Just wondering: How many people still remember when “pass reports” fascinated them because they moved here from a flat part of the country?

Slice answers: “You asked who had the ugliest tree-top angel,” wrote Marilyn Hein, of Nine Mile Falls. “I think it may be me. My angel is homemade – made in 1962 by a new bride (me) for our first Christmas. With more nerve than artistic ability, I built a cone shape out of coat hangers, covered it with white felt, blew a brown egg, painted on a face, made the hair with a piece of a nylon stocking sprayed with gold paint and sprinkled with glitter. Her cardboard wings are covered with aluminum foil, and she has proudly topped our tree every year for 53 Christmases. When we could afford a new, lit, sparkly pretty angel, our kids couldn’t bear to part with Eggnes, the eggheaded angel.”

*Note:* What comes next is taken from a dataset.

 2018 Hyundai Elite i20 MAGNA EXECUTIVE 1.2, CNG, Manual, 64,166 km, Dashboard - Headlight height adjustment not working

Perhaps Eggnes ought to have her own animated special.

Colville’s Gordon Hensley wrote, “The ugliest tree topper angel is one I made myself a couple of years ago.”

At the heart of his creation is a Grumpy the Dwarf doll.

Some things people think are new really aren’t: Here’s how that day’s Slice column started on this date in 1994:

A reader called to complain that too many men in Spokane are growing beards.

“It’s getting out of hand,” she said.

We said we’d get right on it.

Today’s Slice question: Which reminds you most of Spokane? Why?

A) Bedford Falls in “It’s a Wonderful Life.” B) The adult-free community in “A Charlie Brown Christmas.” C) Whoville in “How the Grinch Stole Christmas.” D) The Island of Misfit Toys in “Rudolph the Red-Nosed Reindeer.” E) The Indiana hometown of Ralphie Parker in “A Christmas Story.” F) Potterville in “It’s a Wonderful Life.” G) Pine Tree, Vermont, in “White Christmas.” H) Other.